*Problem details*: Take nothing but the lines from the one with "Kids recycling plastic bottles" through the one with "the green at" in the entries below, both ends kept, and return them exactly with pictures left out.
━━━━━ Data for review ━━━━━
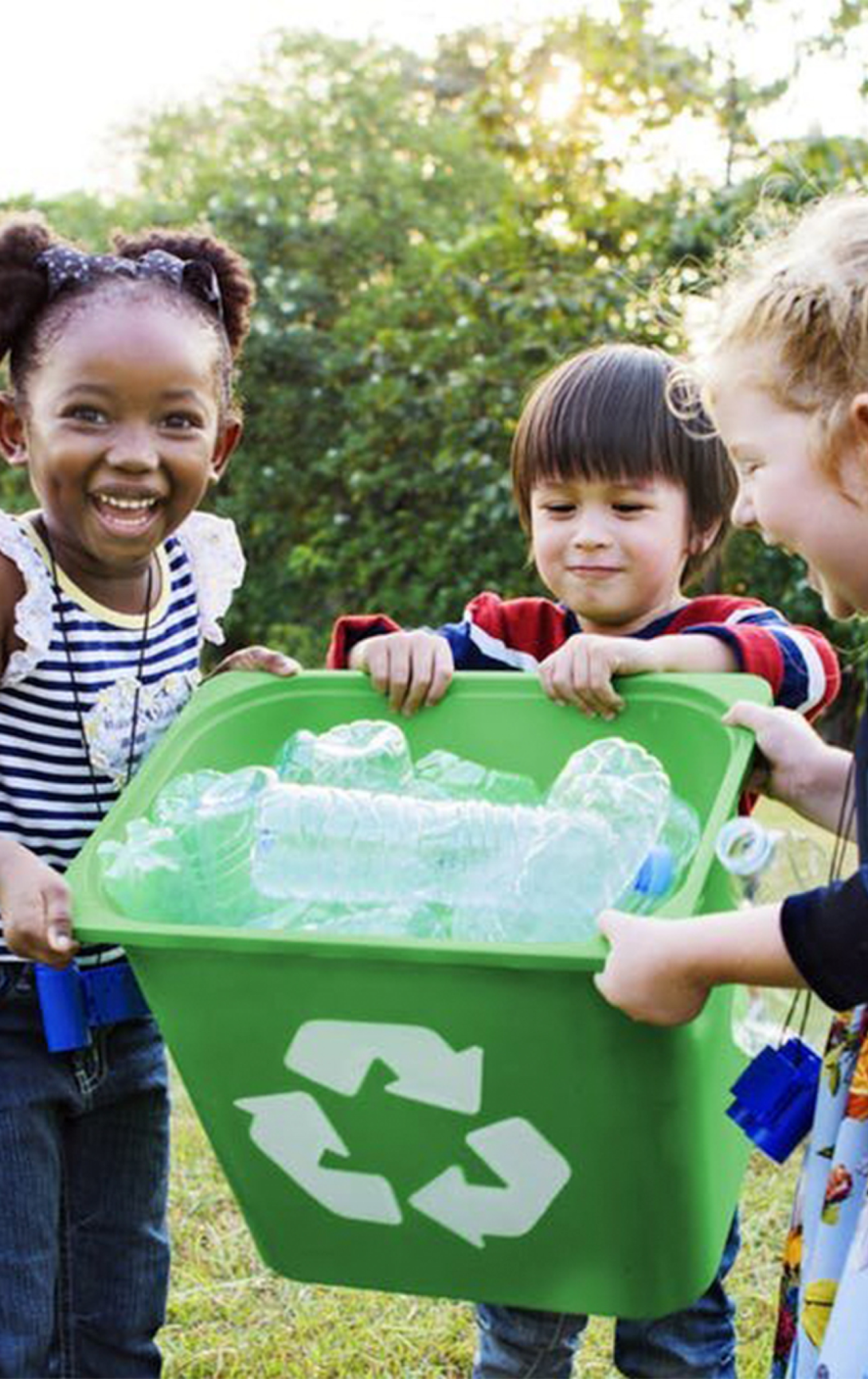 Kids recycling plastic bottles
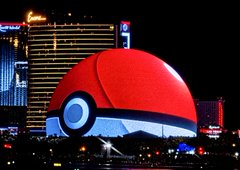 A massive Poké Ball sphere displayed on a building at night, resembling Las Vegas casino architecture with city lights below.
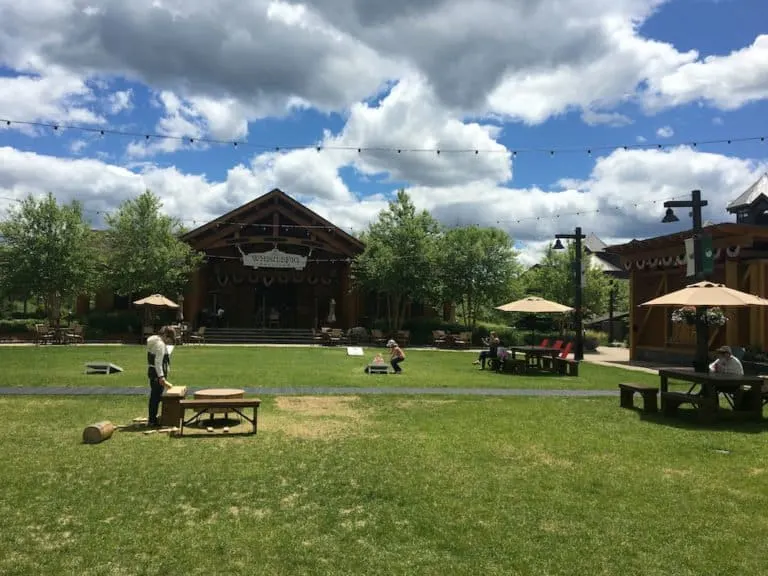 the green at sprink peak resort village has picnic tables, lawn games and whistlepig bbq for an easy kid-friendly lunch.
━━━━━
━━━━━ Data for review ━━━━━
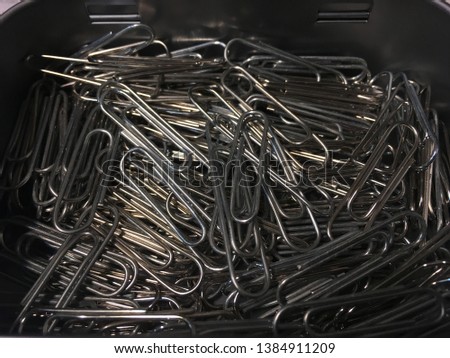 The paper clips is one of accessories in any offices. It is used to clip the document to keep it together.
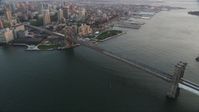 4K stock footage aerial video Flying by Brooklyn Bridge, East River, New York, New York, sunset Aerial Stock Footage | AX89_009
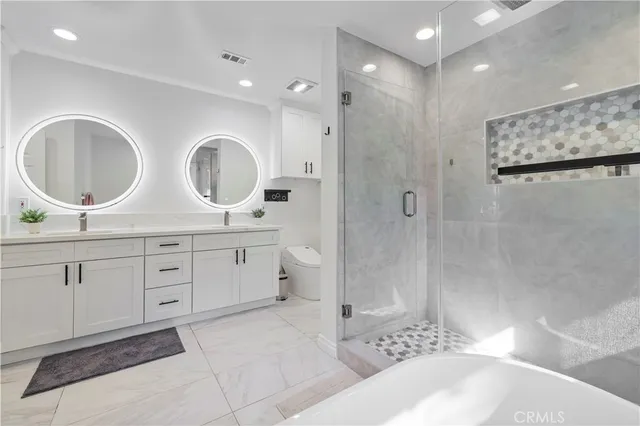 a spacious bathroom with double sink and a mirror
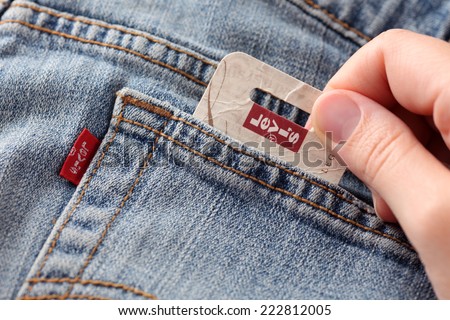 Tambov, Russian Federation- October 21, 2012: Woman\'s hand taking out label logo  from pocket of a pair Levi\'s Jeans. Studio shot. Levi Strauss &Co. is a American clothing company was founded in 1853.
━━━━━
━━━━━ Data for review ━━━━━
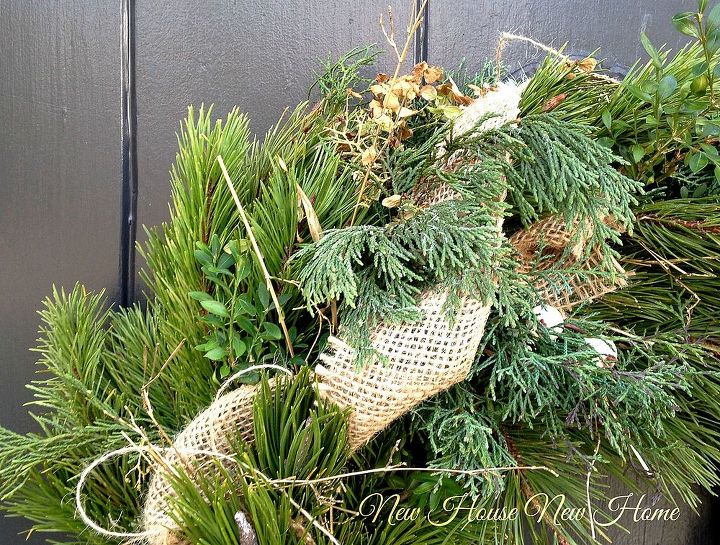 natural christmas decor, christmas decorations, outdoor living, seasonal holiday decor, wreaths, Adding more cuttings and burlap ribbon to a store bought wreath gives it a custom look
━━━━━
*Task result*:
 Kids recycling plastic bottles
 A massive Poké Ball sphere displayed on a building at night, resembling Las Vegas casino architecture with city lights below.
 the green at sprink peak resort village has picnic tables, lawn games and whistlepig bbq for an easy kid-friendly lunch.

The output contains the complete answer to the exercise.